Dei comigo a pensar nisto. Como sagitariana que sou, adoro viagens, sejam físicas, mentais, emocionais, espirituais, ao exterior, ao interior, onde quer que possa explorar novas sensações, novos pensamentos, novas emoções. No entanto, descobri com um namorado tipicamente taurino que a segurança da rotina dá uma sensação de tranquilidade, de harmonia, de felicidade… descobrir prazer na rotina foi uma das melhores aprendizagens que fiz nessa relação. Ficou-me inscrito na alma. A simplicidade do dia-a-dia é também uma viagem muito interessante de se fazer. Passei a sentir os aromas, o vento no rosto, as cores do céu, a ida à mercearia, como uma viagem ao momento presente. Não podemos dizer que ir a Londres ou ao Pingo Doce sejam a mesma coisa, claro. Mas aprendi que ambos nos trazem sensações diferentes de satisfação. Não caiamos, porém, no outro extremo, o de deixar que a rotina adormeça os sentidos e o sentir!

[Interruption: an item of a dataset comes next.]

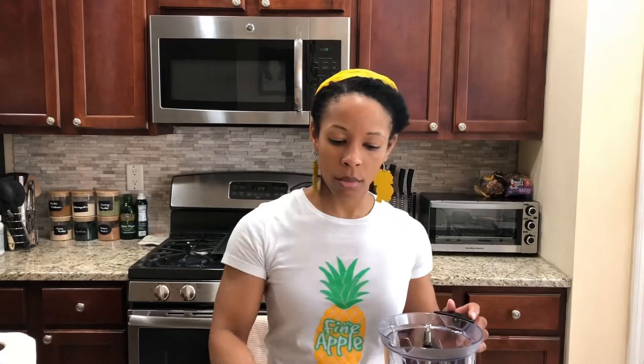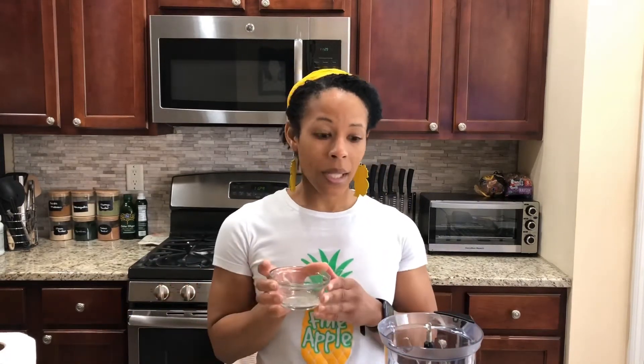Some banana, a little bit of yogurt — you can do Greek yogurt, but I'm doing dairy free. If you put in Greek yogurt, it'll add a little bit more protein to the smoothie. And some lime juice.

Deixamos então de sentir prazer e satisfação no quotidiano não por mecanismos psicológicos relacionados com a atenção, mas pelo significado que atribuímos às experiências.
Essa atribuição de significado depende de inúmeros factores (das experiências anteriores, da educação, da cultura em que se está inserido, entre outros), mas acima de tudo, depende do tipo de diálogo interior que temos connosco mesmos. É por isso que tantas ferramentas hoje nascem por aí, como PNL, coaching, mindfullness, lei da atracção, técnicas de meditação várias, entre tantas e tantas. Já experimentei umas quantas e digo-vos, algumas delas são fantásticas. Resultam mesmo. Quem me conhece, sabe que “respiro” técnicas destas para trabalhar o diálogo interior. Recomendo vivamente que experimentem, que escolham pelo menos uma, de acordo com as vossas ideologias, crenças, preferências. É brutal, a sério.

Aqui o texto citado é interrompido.